それに次ぐ高額落札となったのは、マーク・ロスコの《No.4 (Two Dominants) [Orange, Plum, Black](No.4[2つのドミナント]〈オレンジ、プラム、黒〉)。これを含むシド&アン・バス夫妻のコレクション9点は、有名建築家ポール・ルドルフが設計したテキサス州フォートワースの邸宅で所蔵されていた。この作品はセールの中でもとりわけ重要性の高い戦後美術作品として存在感を示し、3500万ドル(約51億円)前後の事前予想に対して、手数料込み3785万5000ドル(約55億円)という結果を残した。
3番目はゲルハルト・リヒターの《Korsika(Schiu)(コルシカ[シフ])で、事前予想が900万から1200万ドル(約13億~18億円)のところ、落札額は1290万ドル(約19億円)、手数料込みで1520万ドル(約22億円)となった(第三者保証付き)。入札は7分間にわたり、小刻みに金額が上がっていったため、オークショニアを務めたクリスティーズ・プライベートセールス部門責任者のエイドリアン・マイヤーが、「ゲストのディナーは手配済みでしょうか?」と言って笑いを取っていた。
この3作品の落札額が予想を大きく超えるところまでいかなかったのは、アート・バーゼルとUBSによる直近の調査報告書に示された傾向を裏付けている。同報告書によると、1000万ドル(約14億6000万円)を超える超高額作品の市場規模は、2023年に前年比27%減、2024年には前年比で39%減少。オークション売上高に占める超高額作品の割合も2022年の33%から減少を続け、現在は18%にまで落ち込んでいる。
前出のアートアドバイザー、メーガン・フォックス・ケリーは、「何十人もの人が特定の作品をめぐって競い合うような状況ではありません」と話す。

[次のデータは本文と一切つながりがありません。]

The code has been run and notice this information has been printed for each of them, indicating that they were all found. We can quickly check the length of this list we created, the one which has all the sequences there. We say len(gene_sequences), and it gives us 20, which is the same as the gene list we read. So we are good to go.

一方、オークション会場に熱気をもたらしたのが、フランク・ステラの《Firuzabad III(フィルザバード III)》(1970)だ。304.8×457.2 cmのこの作品は、270万ドル(約4億円)、手数料込み317万ドル(約4億6000万円)で落札された(バス夫妻のコレクションからの出品)。
そのほか、ゲルハルト・リヒターの《Korsika(Schiff)(コルシカ[シフ])、フランク・ステラの《Itata(イタタ)》、レメディオス・バロの《Revelación(啓示)》も、華やかさより幅の広さに重点を置いたこのセールの盛り上げ役になった。また、ドロテア・タニングの《Endgame(エンドゲーム)》は、150万ドル(約2億円)の予想最高落札額に対して234万9000ドル(約3億4000万円)で決着。タニング作品のオークション落札額の最高記録を打ち立てるとともに、シュルレアリスム人気が続いていることの証左になった。

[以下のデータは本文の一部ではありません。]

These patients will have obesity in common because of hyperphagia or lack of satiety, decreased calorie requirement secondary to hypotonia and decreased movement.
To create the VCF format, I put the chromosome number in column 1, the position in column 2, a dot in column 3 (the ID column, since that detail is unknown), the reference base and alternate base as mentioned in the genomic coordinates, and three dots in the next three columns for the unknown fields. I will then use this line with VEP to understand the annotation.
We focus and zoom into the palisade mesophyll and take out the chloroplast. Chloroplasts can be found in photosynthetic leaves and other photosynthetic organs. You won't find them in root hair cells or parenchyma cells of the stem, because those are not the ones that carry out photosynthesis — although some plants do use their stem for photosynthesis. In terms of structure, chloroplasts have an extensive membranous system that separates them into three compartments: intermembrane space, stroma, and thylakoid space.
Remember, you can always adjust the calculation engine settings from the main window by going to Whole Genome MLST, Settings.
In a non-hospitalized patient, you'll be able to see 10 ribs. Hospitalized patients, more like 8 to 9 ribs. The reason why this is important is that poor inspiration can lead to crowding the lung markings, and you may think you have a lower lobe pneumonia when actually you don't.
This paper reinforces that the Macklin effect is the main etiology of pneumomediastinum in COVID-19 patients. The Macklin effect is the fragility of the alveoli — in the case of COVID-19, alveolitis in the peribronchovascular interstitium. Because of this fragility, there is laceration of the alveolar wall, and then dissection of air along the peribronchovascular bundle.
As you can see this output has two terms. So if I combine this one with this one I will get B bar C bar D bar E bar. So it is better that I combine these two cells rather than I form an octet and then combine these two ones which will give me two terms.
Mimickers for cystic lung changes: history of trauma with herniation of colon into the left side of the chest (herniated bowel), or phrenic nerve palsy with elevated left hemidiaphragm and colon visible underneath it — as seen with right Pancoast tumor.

「時代の気分に合わない」ウォーホル作品がオークション途中で取り下げに
注目を集めたのは、事前予想額が3000万ドル(約44億円)のアンディ・ウォーホル作品、《Big Electric Chair(大型電気椅子)》(1967-68)だ。ウォーホルの「死と災害」シリーズの一作であるこの絵が最後に市場に出たのは2019年で、そのときは1900万ドル(約28億円)で落札されている。ウォーホルの主要作品の多くが長期保有される一方で、バスキア人気がアート市場で支配的になっている現在、ウォーホル作品に対するコレクターの購入意欲を試す貴重な機会だったと言えるだろう(同作は、ベルギーの慈善家、ロジャー・マティスとヒルダ・コレのコレクションからの出品)。
しかし、幅188cmのこの大型作品は、入札合戦を呼ぶことなく、同時に出品されていたもう1点のウォーホル作品とともにオークションの途中で取り下げられた。ジェンセンはその理由について、ウォーホルのマーケットが縮小気味であること、特に「災害のイメージ」に対する需要が減少していることを挙げ、こう説明した。

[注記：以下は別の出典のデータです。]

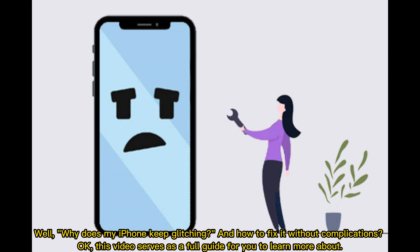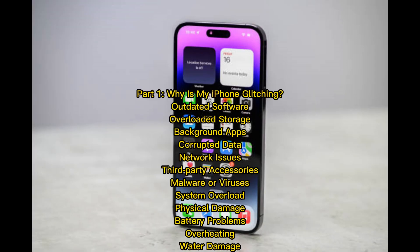Why does my phone keep glitching and how to fix it without complications? This video serves as a full guide. Part one: why is my iPhone glitching? Causes include outdated software, overloaded storage, background apps, corrupted data, network issues, third-party accessories, malware or viruses, system overload, physical damage, battery problems, overheating, and water damage.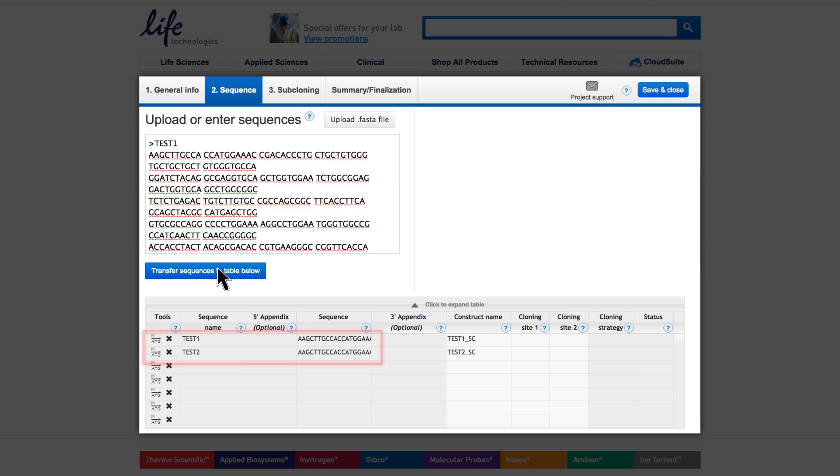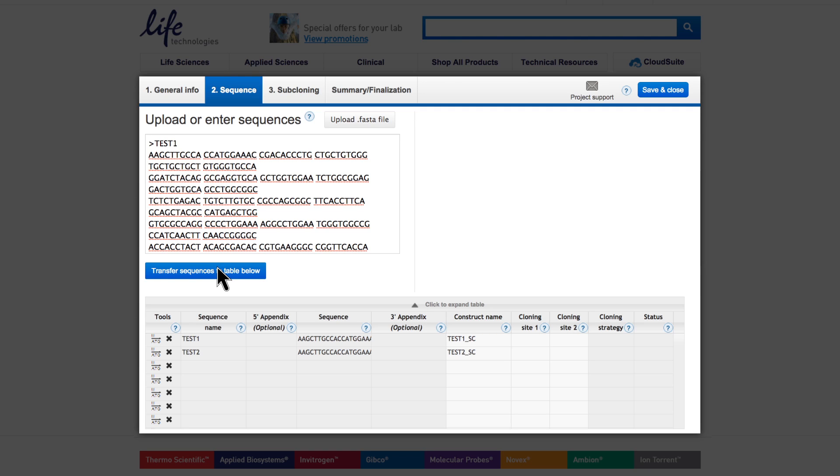If you have selected subcloning, a name for the subcloned construct will be automatically added, which can be edited later. If you want to optimize your gene, you must fill the sequence field with only the coding sequence. Consider this too when uploading or entering FASTA sequences. If entering protein sequences, you must use an asterisk to indicate your stop codon.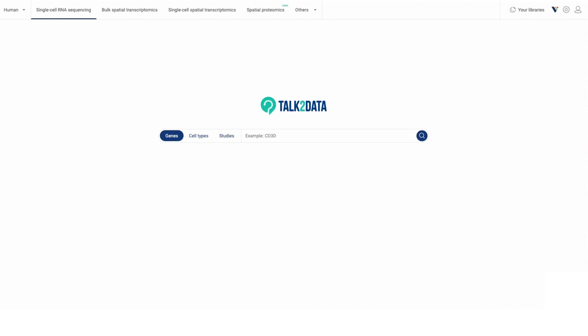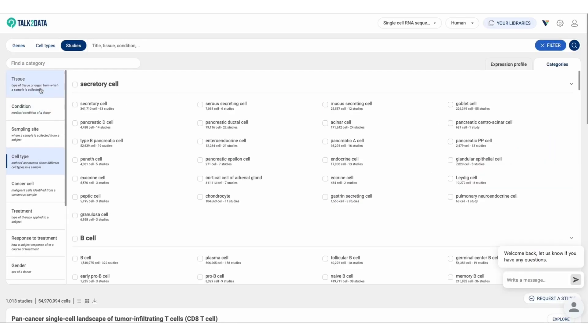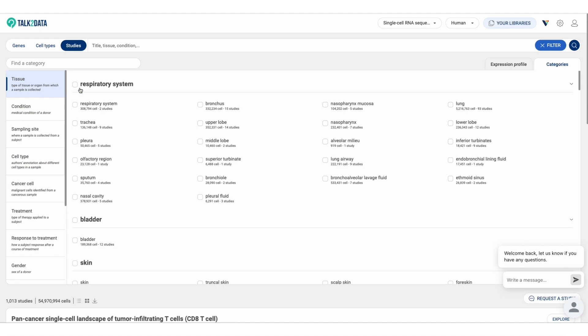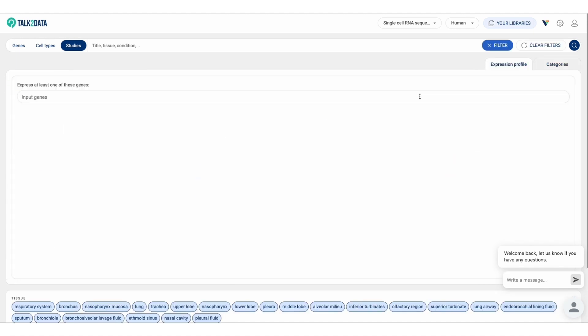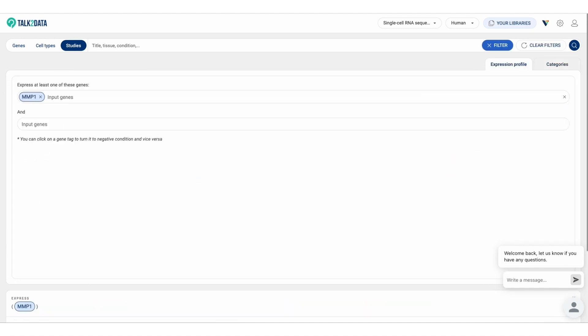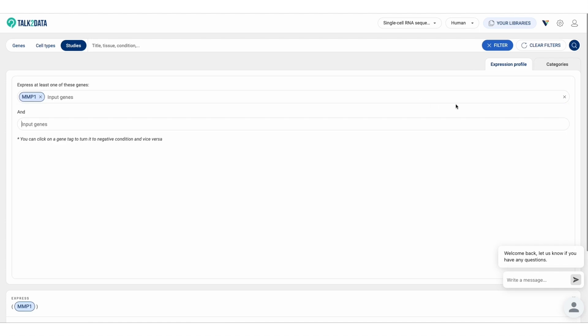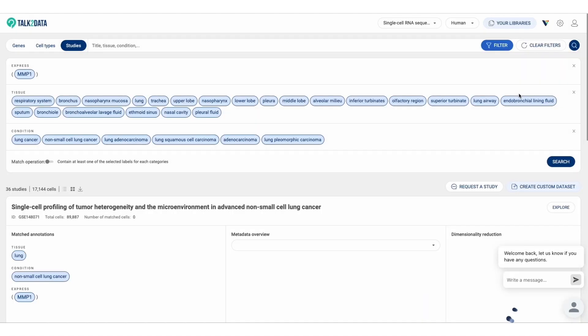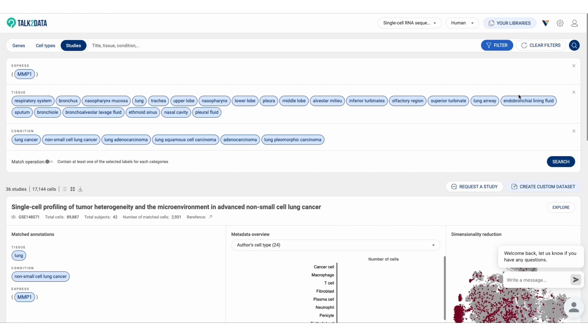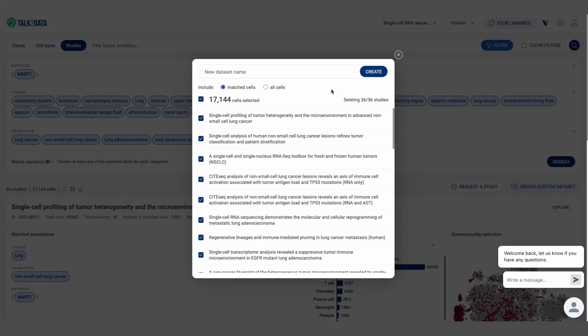With Bioturing's Talk2Data, we offer a way to quickly search for public datasets and to specifically choose a subgroup of cells that fit your study with just a few clicks, filtering data by condition, tissue, and gene expression. From 36 studies, we pull out this in silico atlas of 171,144 lung cancer cells that express MMP1, a gene that plays important roles in both tumorigenesis and metastasis.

「昨今の政治情勢では、あのようなイメージは好まれないのでしょう。お金を使いたくなるような作品とは言えません」
クリスティーズは、数年前のような華やかさや1億ドル超えの落札価格はないにせよ、幅の広い作品を揃え、多くの出品作に保証を付ける戦略で堅実に結果を出した。冷え込んだ市場でも、ネームバリューのあるアーティスト(モンドリアンの場合は作品の良さもある)は、今もなお熱狂的な支持を集めることができる。それを再認識させられた反面、ウォーホルのようなかつての巨人が、今はさほど重要な位置を占めていないことも示された。
また、このセールの結果から、アート市場がますます細分化している状況が見て取れる。好成績だったのは他に類のない作品、そして買い手の琴線に触れる作品だった。
「リヒターがいい例です。船、穏やかな海、夕日。混沌とした時代にあって、こうした静けさの表現は感動を呼びます」とネイサンは語る。出品取り下げとなったウォーホルの2作品は、それとは対極の美意識に基づくもので、今の時代の気分には合わない。ロッターによると、それぞれのウォーホル作品の出品者(別々の人物)は、オークションを続けるのはリスクに見合わないと判断したという。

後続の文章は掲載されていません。